Kazuko Komatsu, president and CEO of Pacific Western Brewing Co., spoke to the Straight at a company event honouring “hometown heroes” at the Terminal City Club.

Hosted by Olympic speed skater Denny Morrison, it showcased how the B.C.–based brewery is financially supporting amateur athletes.

In the 23 years that she’s been in charge, Komatsu has noticed that consumers’ tastes have become far more individualized. Her company produces almost 30 lines of beer, including some created in a microbrewery set up inside a bigger plant.

“It used to be more mass production,” Komatsu stated. “Now, everybody has different tastes.”

Pacific Western Brewing's Kazuko Komatsu joined Olympian Denny Morrison (right) to hand out cheques to amateur athletes, including sit skier Landon McGauley.

She’s also noticed another significant transformation. When she began, there were almost no women in management in the beer industry.

“I was the first one to hire female sales reps,” Komatsu said with a smile.

Sybil Taylor, communications director at Toronto-based Steam Whistle Brewing, is another one of the female pioneers. On the phone from her home, she told the Straight that she was the first person hired, in August 1999, six months before the first bottle was created.

Steam Whistle, which produces a premium beer, has distinguished itself with its environmental initiatives.

One of its marketers, local medical researcher Mike Kiraly, can be spotted driving around town in an electrified 1958 Chevrolet Apache pickup that runs on 24 lithium-ion batteries.

“He drives around the province hawking our sustainable suds in this emissions-free truck,” Taylor said. “I think that truck represents what Steam Whistle is about, because there are these fun retro elements to our brand, yet we’ve got this modern environmental conscience.”

Steam Whistle Brewing powers its vehicles with electricity and biodiesel to send an environmental message.
Stanley Q. Woodvine

Taylor, founder of the brewery’s environmental committee, rattled off a list of things Steam Whistle is doing to reduce its environmental footprint.

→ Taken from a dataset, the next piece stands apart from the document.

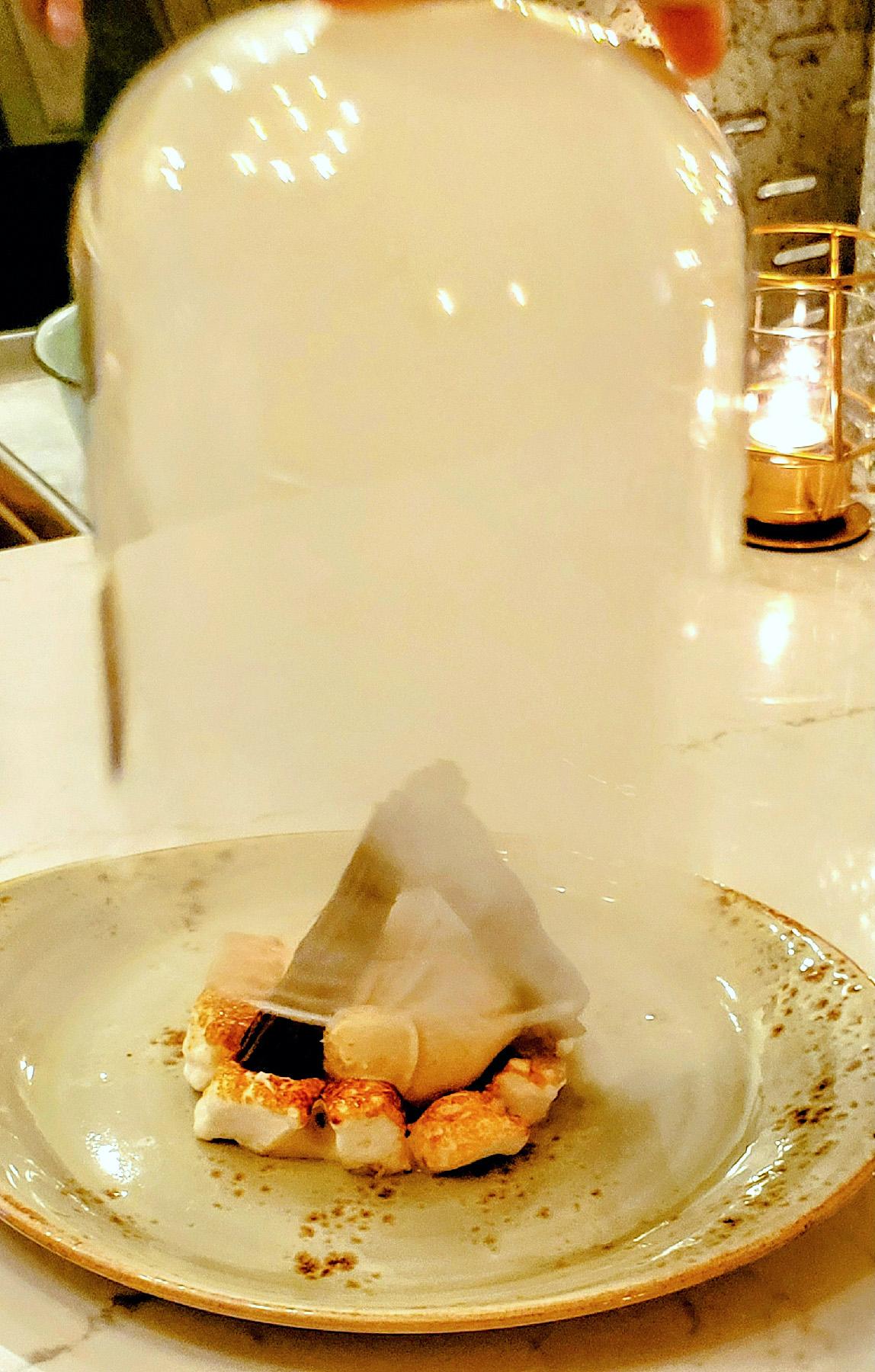 The dessert s’mores at Crafted in Yakima, Washington, are served under a smoky bell jar. (Photo courtesy of Jim Farber)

Its green bottles are made of slightly heavier glass than regular brown bottles, and last three to four times longer. It has achieved 96-percent diversion from the waste stream through its recycling efforts, and it pays for commercial composting and uses biodiesel in trucks.

“What I think maybe is different about us is we try to look at every element of our operations,” Taylor said.

Like many other breweries, including Central City and Granville Island Brewing, Steam Whistle invites the public to tour its operation, take pictures, and ask questions.

Nowadays, everyone wants to put their best face forward to stay ahead of the pack.

The days of only being a Blue or Canadian drinker have been consigned to history.

Comments (8) Add New Comment
Captain Corelli
"Shamrocker Potato Stout"

I guess the reference to Potato is meant to cement it's 'Irish' roots. All this plasticiky marketing is turning me off. If you want to see innovation look at Bomber brewing I love their ginger creation. I am going to avoid GIB simply because i want to avoid the big breweries. With these overly promoted beers, it feels like I am drinking a Canadian version of bud light lime.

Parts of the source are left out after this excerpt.